The Vice President, Prof. Yemi Osinbajo who voiced the concern of consumers at Onna Local Government Area of Akwa Ibom State during the commissioning of a metering factory, lamented that the problem of irregular power supply currently being experienced in the country is largely caused by inaccurate billing system from insufficient metering machines.

The vice president noted that although the Discos have been complaining that their operations have been adversely affected by lack of sufficient revenue from tariffs, consumers have good cause to demand for prepaid meters. He also noted that inadequate power remains a major obstacle to the economic development of the country. The Vice President has therefore aptly underscored the need to break the current monopoly of electricity meter supply, now in the firm grip of the distribution firms.

We support every move, or policy measure that will liberalise the meter supply chain and bring stability to the power sector in which government had invested so much capital since the inception of the present democratic dispensation with little results to justify the huge investment. Nigerians had thought that privatisation of the power sector would have ended the nightmares of irregular power supply, inaccurate and estimated billing method. Instead, it has fueled consumers’ resentment against the Discos.

It is in this regard that we heartily welcome government’s decision to give consumers free choice to either pay for meters from their respective Discos or other independent marketers. We recall that government had in August stated that it will not oppose the wishes of electricity consumers who are willing to purchase their own meters outside the Discos. Indeed, that decision was endorsed by the Nigerian Electricity Regulatory Commission (NERC), the power sector regulator.
That decision represents a policy reversal of government’s earlier decision of April, 2017 when it directed the NERC to wind down its alternative metering scheme known as the Credit Advanced Payment for Metering Initiative(CAPMI). That policy allowed electricity consumers to pay for their meters from their different Discos.
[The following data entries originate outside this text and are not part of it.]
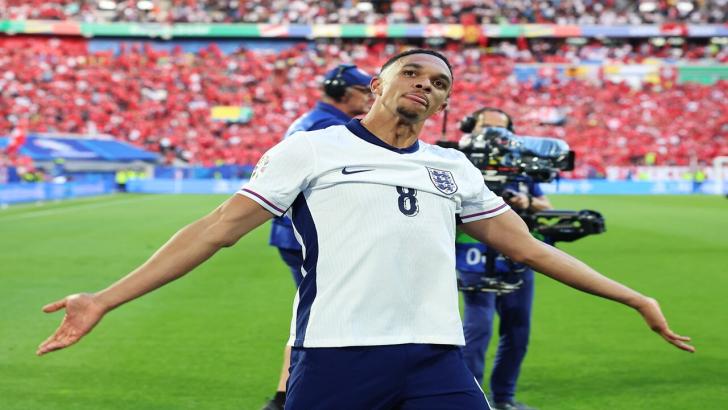 Trent Alexander-Arnold, England 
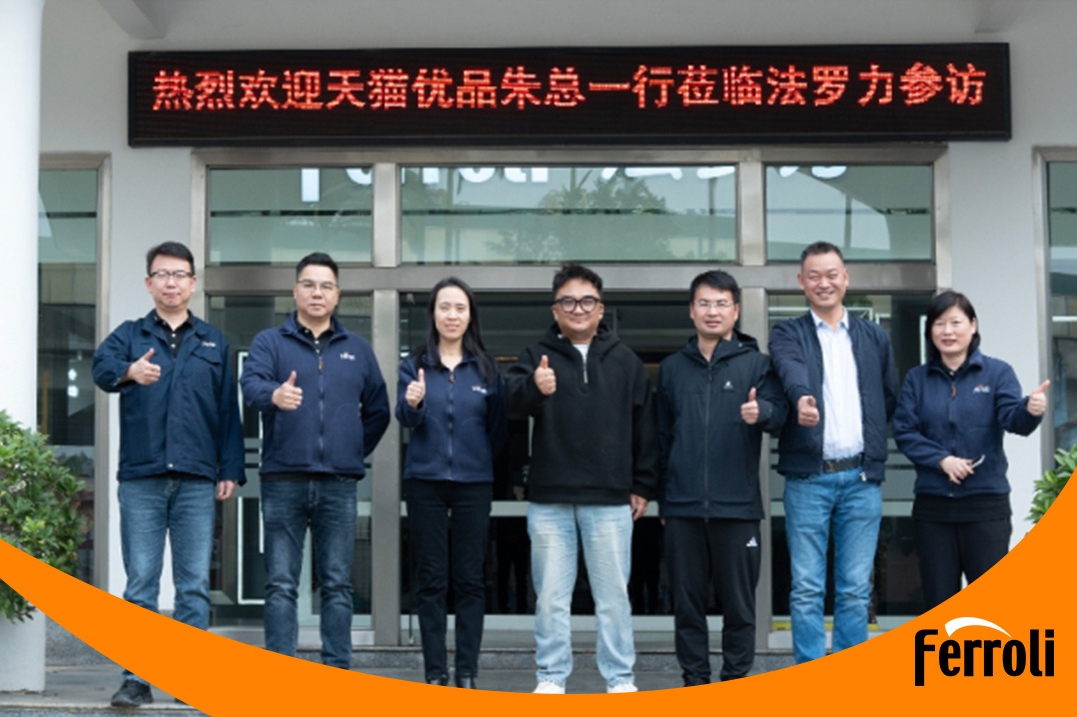 携手共进，智启新程｜亲朋游戏中心与天猫优品共探新零售合作机缘！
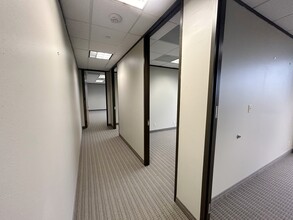 5720 Lyndon B Johnson Fwy, Dallas, TX à louer Photo intérieure- Image 2 de 18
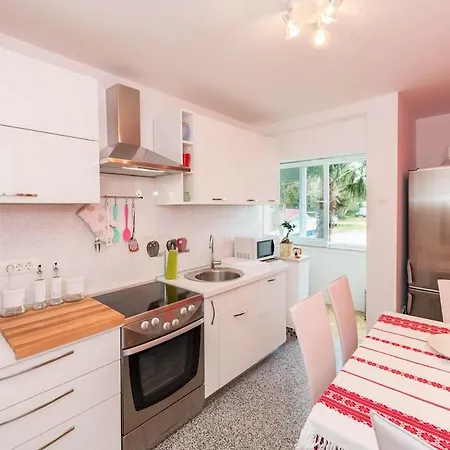 Apartman Tara *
The new decision, breaking the monopoly of meter supply, was announced by the Minister of Power, Works and Housing, Babatunde Fashola, at the 18th monthly power sector stakeholders’ meeting in Abuja. The minister said that government decided to intervene following a flurry of complaints from consumers.

However, he gave assurance that government would “democratise access to meters” beginning with the N39bn intervention fund set aside for meter providers, as long as it meets the intents of the privatisation effort envisioned by the Electric Power Sector Reform Act (EPSRA).
While the meter factory at Onna should serve as the first step towards breaking the monopoly of meter supply, more should be built across other states in the country. Discos should realise that access to meters by consumers at affordable cost will benefit them, at least in the long-run, and to the consumers even more. It is, therefore, important that the Discos make the meters available to costumers at reasonable price, rather than hoard them as they reportedly do at the moment.
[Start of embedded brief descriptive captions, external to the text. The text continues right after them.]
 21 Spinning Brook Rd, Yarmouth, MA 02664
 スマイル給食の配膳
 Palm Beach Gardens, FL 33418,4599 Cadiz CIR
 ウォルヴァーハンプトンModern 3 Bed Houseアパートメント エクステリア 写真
They should also not cut off power supply to consumers that have chosen to buy their meters from other providers. The Discos should be reminded of the relevant provisions of the EPSR Act 2005, which mandate the NERC to ensure effective and efficient management of electricity supply, even as the Act directs the Discos to “recover costs on prudent investment.” But, such profit should be based on quality service to customers.

Since power remains pivotal to every development effort, it is about time to fix the problems that bedevil the sector. In the same vein, the Association of Nigerian Electricity Distribution (ANED), an umbrella body of the Discos, should be ready to collaborate with investors that are interested in going into full-time metering business.

The performance of Discos has been disappointing so far. They need to do much more than they are doing currently. The unstable nature of the nation’s power sector has become one huge conundrum that needs to be solved urgently. Delivery of regular, quality power supply is a responsibility of the government and agencies entrusted with such task. They should strive to deliver on that mandate.